Intermodulation interference (IMI) occurrs when high frequency (HF) transmitters and receivers are placed in close proximity, particularly on ships and aircraft, due to non-linear conduction through metal-oxide-metal (MOM) junctions in the supporting structure. This is also known as "rusty bolt" intermodulation interference. IMI is a problem where there are any non-welded metal-to-metal joints but pose particular problems on ships due to MOM junctions in or at life lines, ladders, flag poles, bond straps, boat davits, stays, nets, chains, etc. Steel, aluminum, brass and copper are examples of common metals that form MOM Junctions but any metal that can form an oxide can form a MOM junction. MOM junctions interfere with signal transmission throughout the HF to infrared range, but pose particular problems for communications in the 2-30 MHz region and for VHF frequencies.
The electrical behavior of the MOM junction responsible for the IMI is similar to that of two parallel back-to-back semiconductor diodes, each operating in its forward conducting region. The non-linear conduction of the MOM junction or the analagous diode configuration is the mixing mechanism that generates IMI. This mixing action, and thus the IMI, can be suppressed if the current through the MOM junction is by-passed through a linear conductive path, i.e., one with low resistance or low reactance.
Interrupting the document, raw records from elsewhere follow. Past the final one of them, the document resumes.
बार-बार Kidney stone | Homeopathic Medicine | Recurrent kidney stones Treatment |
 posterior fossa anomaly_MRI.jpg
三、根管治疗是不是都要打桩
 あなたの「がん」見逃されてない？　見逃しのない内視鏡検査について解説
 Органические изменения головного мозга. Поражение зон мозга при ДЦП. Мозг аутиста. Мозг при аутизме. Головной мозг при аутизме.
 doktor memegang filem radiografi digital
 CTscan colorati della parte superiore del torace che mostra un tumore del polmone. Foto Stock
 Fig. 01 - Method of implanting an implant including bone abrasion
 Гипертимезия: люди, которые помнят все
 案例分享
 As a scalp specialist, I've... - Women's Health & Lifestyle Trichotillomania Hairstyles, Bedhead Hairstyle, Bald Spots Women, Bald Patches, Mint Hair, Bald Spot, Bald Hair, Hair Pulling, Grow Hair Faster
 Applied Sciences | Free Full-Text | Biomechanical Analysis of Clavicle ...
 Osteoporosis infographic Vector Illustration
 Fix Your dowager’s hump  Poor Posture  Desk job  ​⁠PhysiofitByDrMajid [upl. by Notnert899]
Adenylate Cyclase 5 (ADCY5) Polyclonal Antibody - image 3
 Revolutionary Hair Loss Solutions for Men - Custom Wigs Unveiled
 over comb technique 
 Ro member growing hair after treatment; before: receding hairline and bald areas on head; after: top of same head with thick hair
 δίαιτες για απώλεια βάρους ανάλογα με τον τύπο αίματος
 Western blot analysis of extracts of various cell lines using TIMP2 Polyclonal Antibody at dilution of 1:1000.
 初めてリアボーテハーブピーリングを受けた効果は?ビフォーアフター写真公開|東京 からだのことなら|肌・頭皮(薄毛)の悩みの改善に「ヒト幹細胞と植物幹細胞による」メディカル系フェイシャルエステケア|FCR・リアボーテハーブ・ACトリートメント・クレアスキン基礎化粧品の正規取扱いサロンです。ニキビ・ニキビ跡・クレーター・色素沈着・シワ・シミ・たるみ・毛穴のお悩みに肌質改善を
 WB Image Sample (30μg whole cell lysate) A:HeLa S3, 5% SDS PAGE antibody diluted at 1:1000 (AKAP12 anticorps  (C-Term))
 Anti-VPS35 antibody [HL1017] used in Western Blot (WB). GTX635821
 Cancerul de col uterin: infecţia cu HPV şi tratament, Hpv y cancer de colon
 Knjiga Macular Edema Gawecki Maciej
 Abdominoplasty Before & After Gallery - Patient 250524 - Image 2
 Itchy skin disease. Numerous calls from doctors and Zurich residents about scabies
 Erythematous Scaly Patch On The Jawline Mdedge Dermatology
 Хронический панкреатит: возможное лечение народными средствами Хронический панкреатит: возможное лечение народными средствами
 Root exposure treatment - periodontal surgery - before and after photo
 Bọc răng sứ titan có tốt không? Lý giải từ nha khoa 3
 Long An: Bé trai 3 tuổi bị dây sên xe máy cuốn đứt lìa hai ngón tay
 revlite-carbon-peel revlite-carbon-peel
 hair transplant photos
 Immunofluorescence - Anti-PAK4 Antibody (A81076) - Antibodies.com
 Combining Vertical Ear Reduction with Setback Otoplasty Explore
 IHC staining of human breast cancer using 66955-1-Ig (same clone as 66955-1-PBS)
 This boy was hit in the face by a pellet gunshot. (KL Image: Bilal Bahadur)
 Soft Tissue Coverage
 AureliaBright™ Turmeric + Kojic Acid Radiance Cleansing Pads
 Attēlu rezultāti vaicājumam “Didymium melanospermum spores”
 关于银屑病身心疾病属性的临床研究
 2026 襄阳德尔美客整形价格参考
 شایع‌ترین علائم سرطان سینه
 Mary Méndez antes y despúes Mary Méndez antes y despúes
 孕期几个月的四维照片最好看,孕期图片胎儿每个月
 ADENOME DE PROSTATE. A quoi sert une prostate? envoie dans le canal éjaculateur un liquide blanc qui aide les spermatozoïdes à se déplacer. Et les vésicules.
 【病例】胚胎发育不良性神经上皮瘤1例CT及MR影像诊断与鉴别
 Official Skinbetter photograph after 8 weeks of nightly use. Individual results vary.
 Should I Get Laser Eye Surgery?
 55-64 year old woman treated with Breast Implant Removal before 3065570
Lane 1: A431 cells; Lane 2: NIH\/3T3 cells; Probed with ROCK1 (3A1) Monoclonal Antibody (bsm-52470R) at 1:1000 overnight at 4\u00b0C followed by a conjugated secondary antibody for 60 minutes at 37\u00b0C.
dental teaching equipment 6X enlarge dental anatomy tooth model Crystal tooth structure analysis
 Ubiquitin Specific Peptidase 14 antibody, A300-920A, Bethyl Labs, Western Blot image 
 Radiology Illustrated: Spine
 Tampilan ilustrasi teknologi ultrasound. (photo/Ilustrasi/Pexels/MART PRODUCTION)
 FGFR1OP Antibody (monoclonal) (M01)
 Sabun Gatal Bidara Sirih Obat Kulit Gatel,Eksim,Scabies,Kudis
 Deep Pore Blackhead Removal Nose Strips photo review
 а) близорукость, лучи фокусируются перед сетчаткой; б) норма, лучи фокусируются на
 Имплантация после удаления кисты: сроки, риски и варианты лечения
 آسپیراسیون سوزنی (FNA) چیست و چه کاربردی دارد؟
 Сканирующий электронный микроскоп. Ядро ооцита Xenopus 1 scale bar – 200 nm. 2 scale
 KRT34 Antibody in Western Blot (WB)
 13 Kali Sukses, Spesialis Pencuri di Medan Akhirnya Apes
Eliminating or reducing IMI by providing a linear conductive path has traditionally been accomplished by clamping or welding conductive ground straps across the MOM junction thus shorting-out the MOM junction or by replacing the MOM junction with non-conductive material thus eleminating the MOM junction. These solutions, although effective, have limitations. Using non-conductive materials is prohibitive where structural strength or electrical conductivity is requied. Welding or clamping straps cannot be used where there is a multiplicity of MOM junctions, such as in chains or twisted cable, or where dissimilar metals are involved. Additionally, the use of non-conductive materials or conductive straps is very expensive. To overcome these limitations while effectively reducing IMI, an inexpensive method that maintains the structural integrity of supporting hardware while providing a highly conductive current path is required.
Previous methods used to overcome IMI relied upon "rust removal compositions" which have incorporated the general principles of chelating the ferric ion, incorporating the ion into a polymer material, and removing the "rust" with the polymer material. Barabas, U.S. Pat. No. 4,424,079, used a vinylpyrrolidone/maleic acid copolymer to remove rust by this general technique. Panayappan, in U.S. Pat. No. 4,325,744, used a vinylpyrrolidone/ethylenediaminetetraacetic acid (EDTA) or similar chelating agent to encapsulate rust which can be peeled from the surface and disposed of as a solid waste. Neither of these references, however, contemplate changing the oxidation state of the metal to increase conductivity nor consider the application of the composition to nonferric oxides nor did they consider incorporation of a chemical reducing agent that would prevent further corrosion and IMI generation. Thus, the usefulness of the techniques is limited to "rust removal" processes involving ferric ions. The references do not consider increasing structural intergity or providing more conductive paths necessary to reduce IMI, applications to other metals, or inhibition of further corrosion.
A method is, therefore, needed which can eliminate IMI by providing a low resistance and low reactance linear conductive current path through potential MOM junctions.